# Your task
Only the lines with "fosfato" in them need to be copied from the listing.

# Given data
#####
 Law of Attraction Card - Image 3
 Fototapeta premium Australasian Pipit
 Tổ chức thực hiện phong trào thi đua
#####
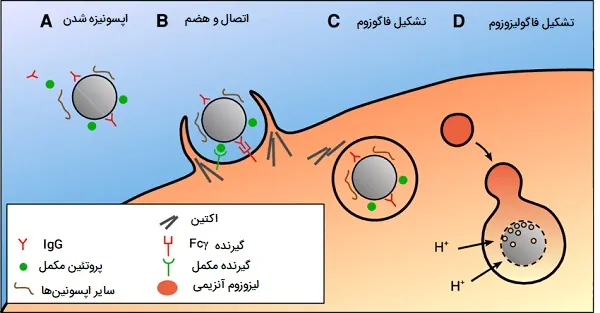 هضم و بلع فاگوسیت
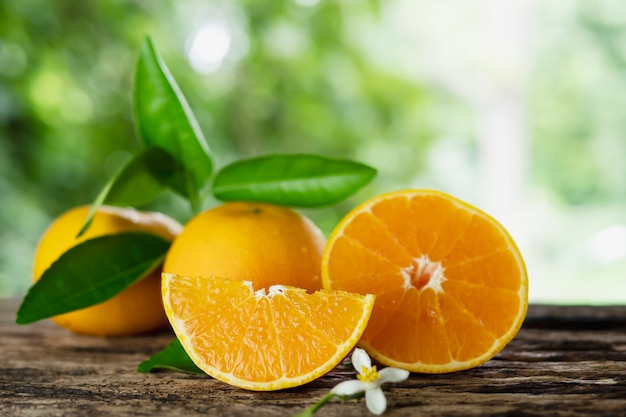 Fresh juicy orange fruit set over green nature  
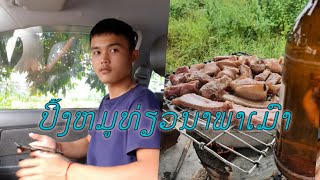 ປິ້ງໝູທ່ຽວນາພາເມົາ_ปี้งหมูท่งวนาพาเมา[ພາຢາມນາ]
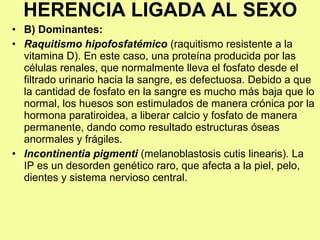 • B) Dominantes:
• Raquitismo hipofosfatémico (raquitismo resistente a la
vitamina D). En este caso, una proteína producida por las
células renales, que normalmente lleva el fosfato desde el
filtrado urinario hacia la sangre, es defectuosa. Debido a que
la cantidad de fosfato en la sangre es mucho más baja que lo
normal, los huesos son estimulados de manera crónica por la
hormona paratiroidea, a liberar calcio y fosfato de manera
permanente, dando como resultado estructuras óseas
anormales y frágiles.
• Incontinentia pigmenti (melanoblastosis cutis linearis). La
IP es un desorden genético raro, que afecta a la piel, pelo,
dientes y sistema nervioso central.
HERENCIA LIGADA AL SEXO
#####
# Exercise output
células renales, que normalmente lleva el fosfato desde el
la cantidad de fosfato en la sangre es mucho más baja que lo
hormona paratiroidea, a liberar calcio y fosfato de manera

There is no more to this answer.